Using nslookup To Find MX Records

If you need to lookup a MX record then you will probably need to do this via nslookup or some of the other tools or websites that are available for this job.

For those of you who don’t know, A MX record is a type of resource record in DNS that specifies a mail server responsible for accepting email messages on behalf of a recipient's domain and a preference value used to prioritize mail delivery if multiple mail servers are available.

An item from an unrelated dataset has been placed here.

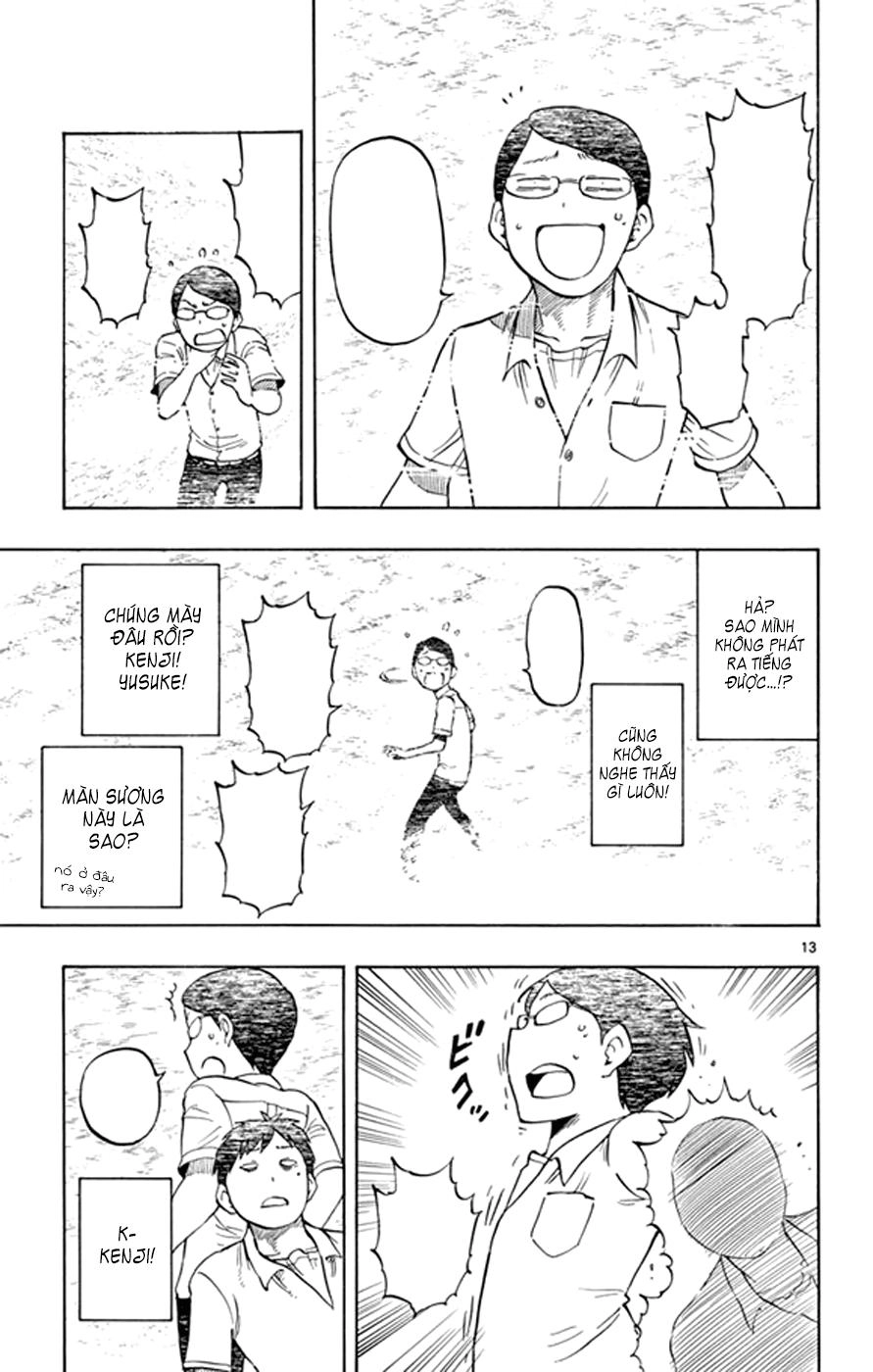 Saike Mata Shite Mo Chapter 19 - 15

The set of MX records of a domain name specifies how email should be routed with the Simple Mail Transfer Protocol.

As nslookup is part of windows already it is a handy tool for most system administrators to use, but many are not 100% sure how to use it.  I will now show you the very basics of using nslookup to check a MX record.

So, from a command prompt you type  nslookup  this then will return with a  >  prompt, here you type  set type=mx   this tells nslookup that you want to do a MX record query, now you type the domain name e.g google.com  but no www in front.  This will now return the MX entry’s for that domain. 

Non-authoritative answer:
google.com MX preference = 10, mail exchanger = smtp2.google.com
google.com MX preference = 10, mail exchanger = smtp3.google.com
google.com MX preference = 10, mail exchanger = smtp4.google.com
google.com MX preference = 10, mail exchanger = smtp1.google.com

smtp2.google.com internet address = 64.233.165.25
smtp3.google.com internet address = 64.233.183.25
smtp4.google.com internet address = 72.14.221.25
smtp1.google.com internet address = 209.85.237.25
>


The results above show that google.com has 4 MX records, all set to preference 10 (like a round robin approach), and then it list the IP's for each MX hostname.